On Monday, the Venezuelan Government announced the issuing of the Bono del Sur 3, one of those perverse combos in which dollar denominated bonds are offered to rich Venezuelans for a profit in order to accommodate the Government’s irresponsible policies spending and macroeconomic policies.
Over the weekend many analysts had questioned the timing. At the time, the combo was supposed to be composed of a dollar denominated Argentinean Boden 15 with a local TICC, a bond that trades only in local currency bt its price and coupon is indexed to foreign currency. The idea would be to sell US$ 500 million of each, which would help in absorbing excess monetary liquidity.
Just as a remainder, these bonds are sold at a price, calculated at Bs. 2,150 per US$ and people can turn around and sell it at a lower price in US$, but at an implicit price below the parallel exchange rate which today stood at a full 100% premium to the official rate at Bs. 4,300 per US$.
The reason that the issue was being questioned was the fact that with the uncertainty in the international markets with the sub-prime credit crisis, then volatility could make the price of the Argentinean bond swing dramatically and drop in price to the point that investors would lose money. Thus, by rushing the issue, the Government could burn some investors who had thought the PDVSA issue was a sure thing, held on to it and now can’t decide when to sell due to the volatility in international markets.
An additional problem is that this is the peak of vacation time so that there seemed to be no reason, given the resources available to the Government to rush it to market and wait a couple of weeks until vacationers came back.
But then some genius came up with the idea that rather than postpone, they would add to the bolivar part another US$ 500 million and this would somehow mitigate the possible volatility in the international markets.
Thus, on Monday the “combo” was announced to be equal parts of the Argentinean Boden 15 trading at 80, a TICC 2017 trading at 95 and a TICC 2019 tarding at 94. With this combination if you bought the combo at the announced price of 104 this morning, you would be buying the dollar part at an effective rate of Bs.3,500 per US$ give or take 50 Bolivars.
However, whomever thought of adding this additional part in bolivars did not think in through and the whole thing backfired.
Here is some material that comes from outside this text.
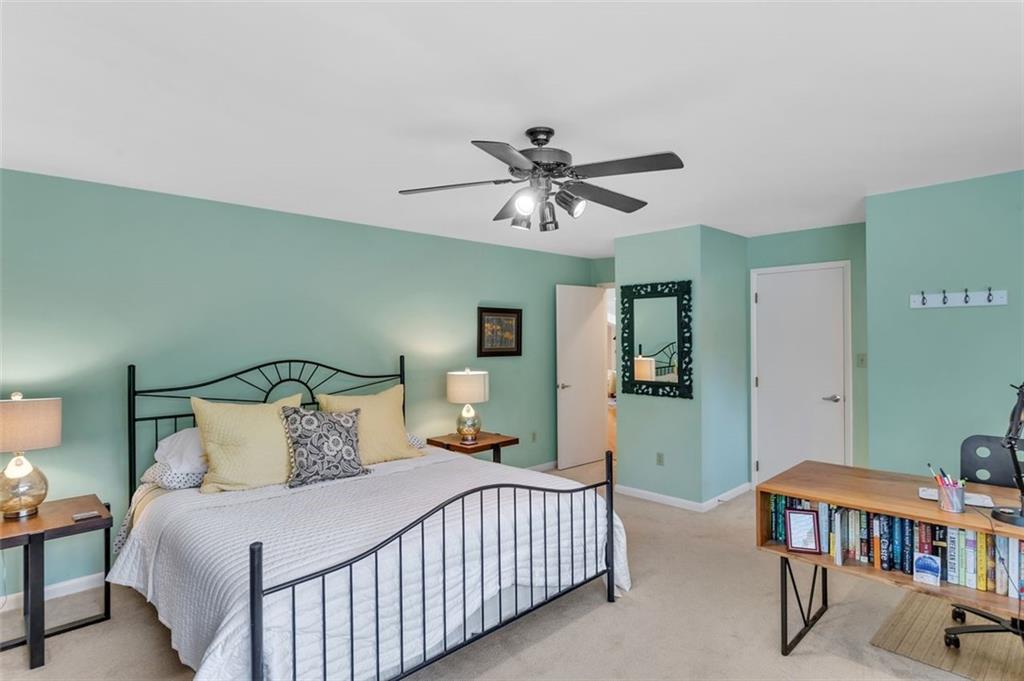 369 Maple Lane Canonsburg, PA 15317 - Photo 35 of 50 a bedroom with a bed and a chandelier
This morning, when the Government set the price, banks, who are the natural buyers of the TICC’s (Indexed to the official exchange rate but quoted in Bolivars) realized that US$ 1 billion in TICC’s was simply too much and their price dropped from the mid-nineties to around 80. To make matters worse today’s volatility abroad, also drove the price of the Boden 15 down to around 78, so that when investors plugged in their numbers into their spreadsheets, they came up with a rate around Bs. 4,100 per US$ very close to the official exchange rate.
The result? Interest dried up and brokers began telling their clients not to bother with the bond.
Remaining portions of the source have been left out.